Brief:
Go to the line with "Chaqueta de plumón" in the records below, then output it and each following line exactly, up to and including the line with "product instagram style". Skip pictures and add nothing.

Provided records:
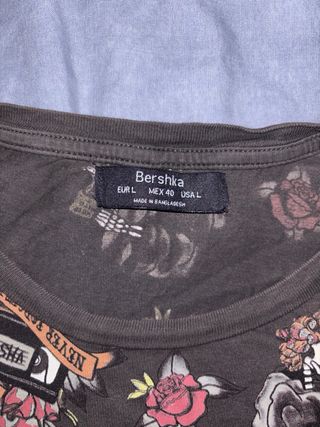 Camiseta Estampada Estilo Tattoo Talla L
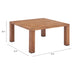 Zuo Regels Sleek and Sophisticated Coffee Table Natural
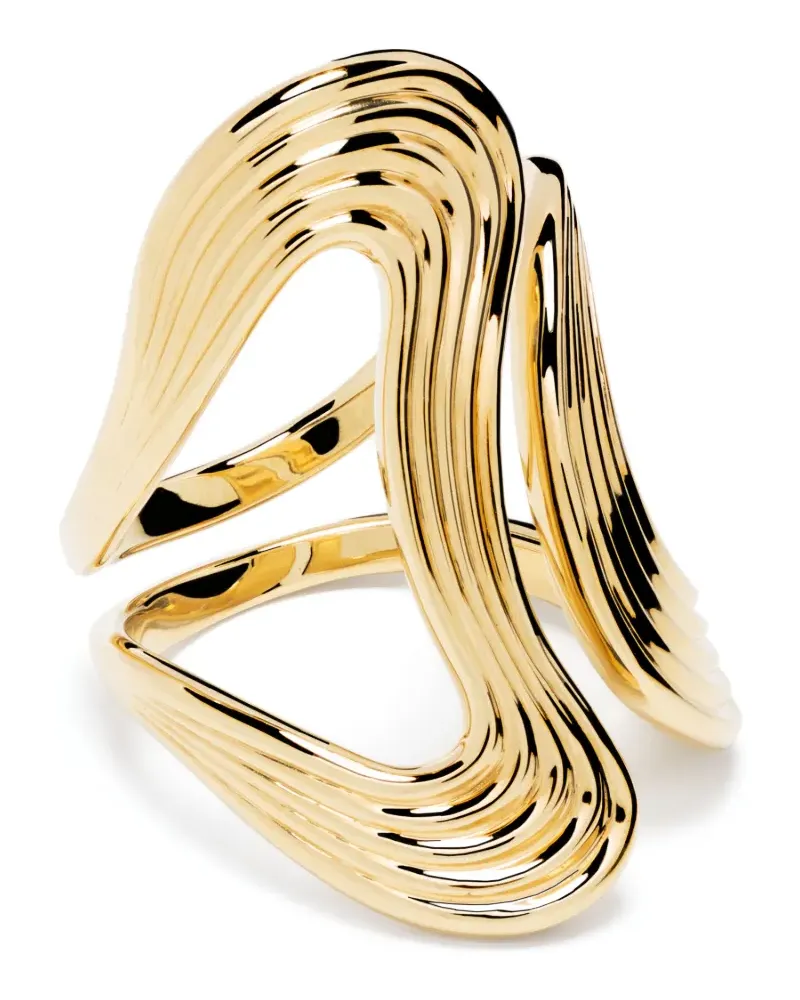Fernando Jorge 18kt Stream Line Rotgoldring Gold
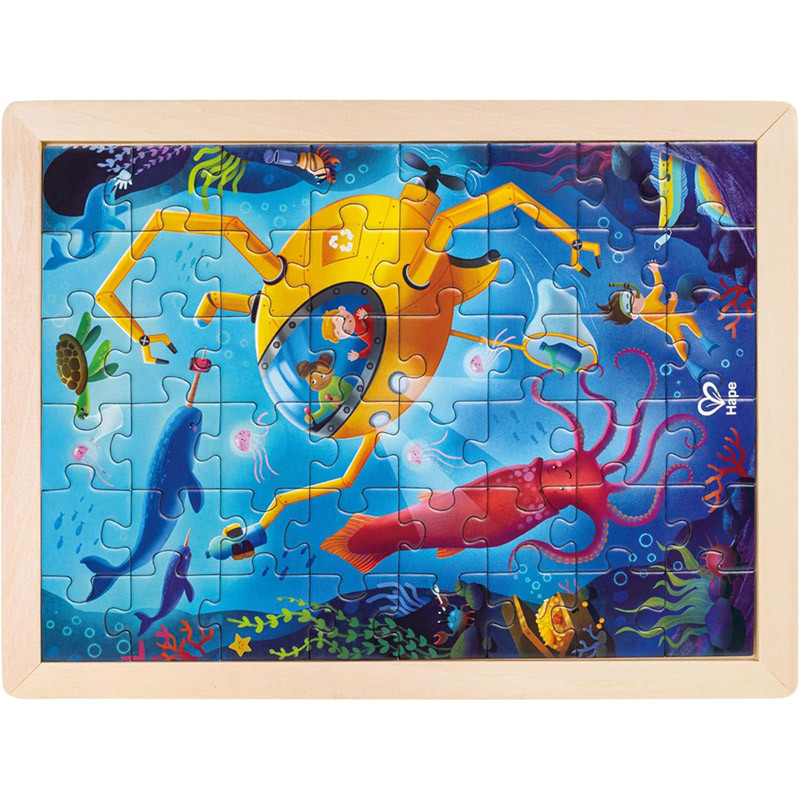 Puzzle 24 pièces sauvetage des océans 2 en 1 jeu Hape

--

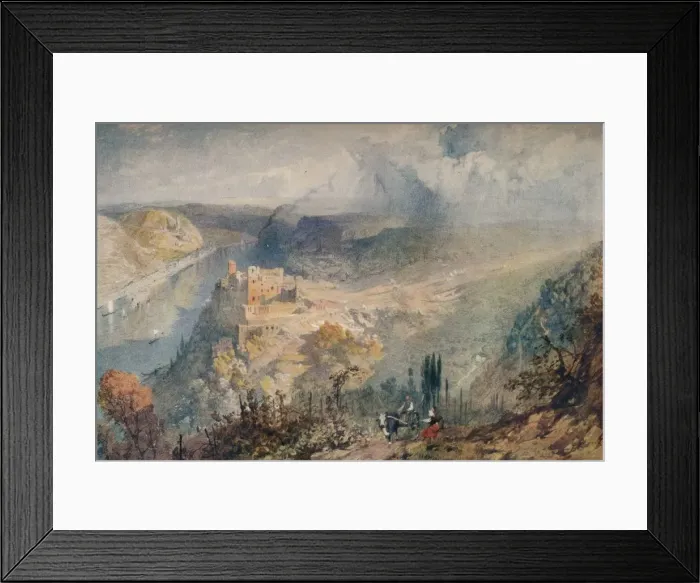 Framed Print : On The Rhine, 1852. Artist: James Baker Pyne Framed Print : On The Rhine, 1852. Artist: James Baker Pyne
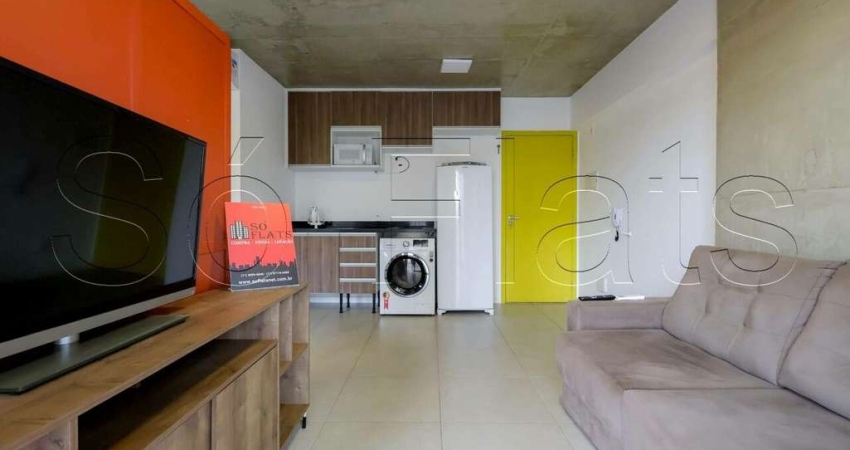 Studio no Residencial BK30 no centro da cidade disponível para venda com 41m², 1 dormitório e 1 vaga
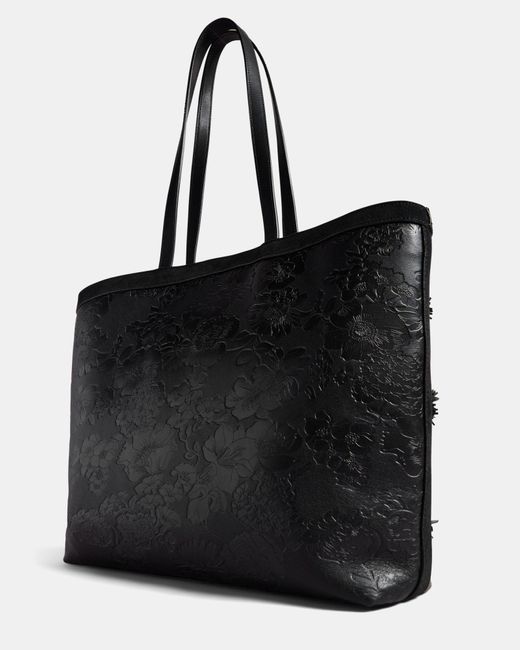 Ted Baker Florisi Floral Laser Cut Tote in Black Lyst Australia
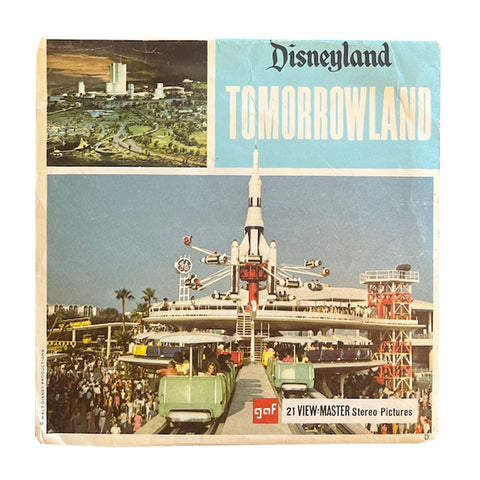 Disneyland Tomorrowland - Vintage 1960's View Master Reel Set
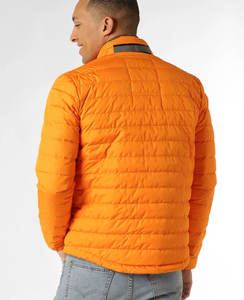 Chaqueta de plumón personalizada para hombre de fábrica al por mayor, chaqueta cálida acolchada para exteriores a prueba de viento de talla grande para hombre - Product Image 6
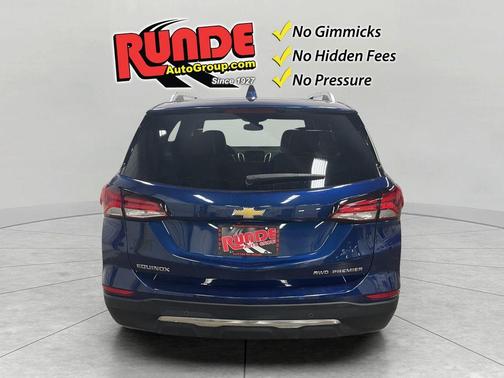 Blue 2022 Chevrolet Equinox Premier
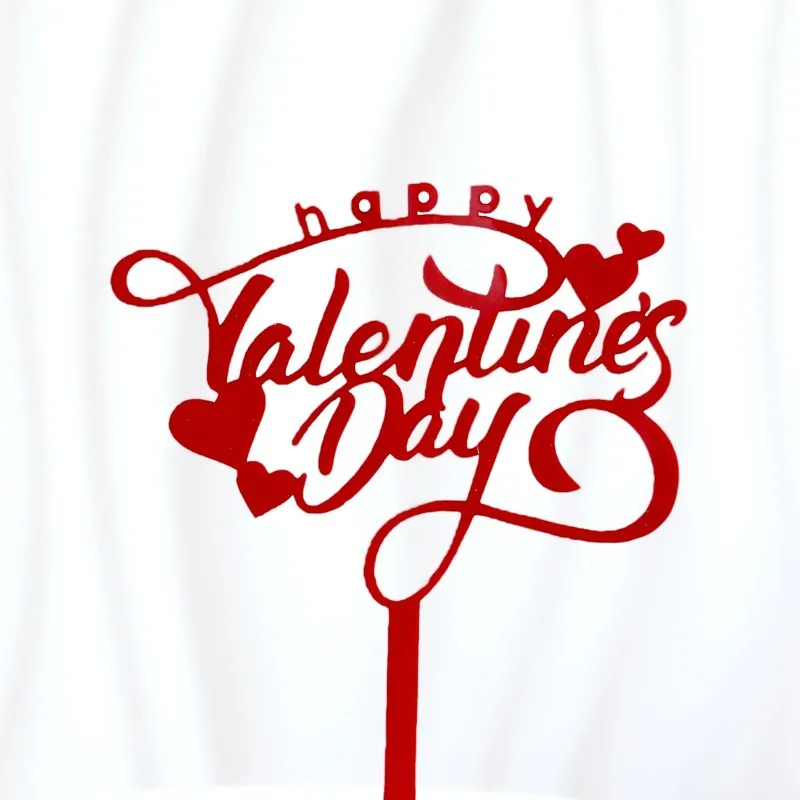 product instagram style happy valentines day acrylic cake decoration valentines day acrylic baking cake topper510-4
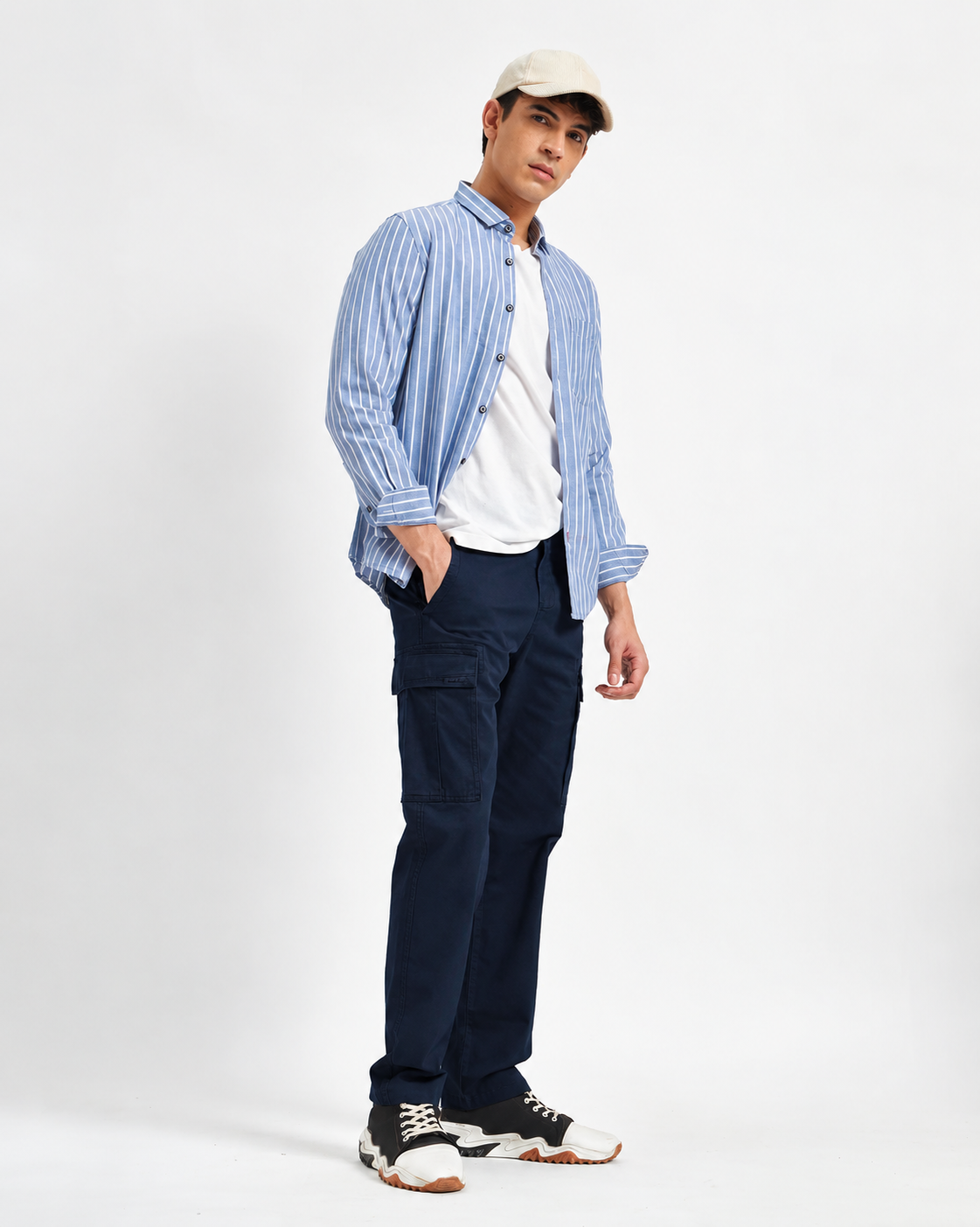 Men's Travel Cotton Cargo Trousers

Answer box:
 Chaqueta de plumón personalizada para hombre de fábrica al por mayor, chaqueta cálida acolchada para exteriores a prueba de viento de talla grande para hombre - Product Image 6
 Blue 2022 Chevrolet Equinox Premier
 product instagram style happy valentines day acrylic cake decoration valentines day acrylic baking cake topper510-4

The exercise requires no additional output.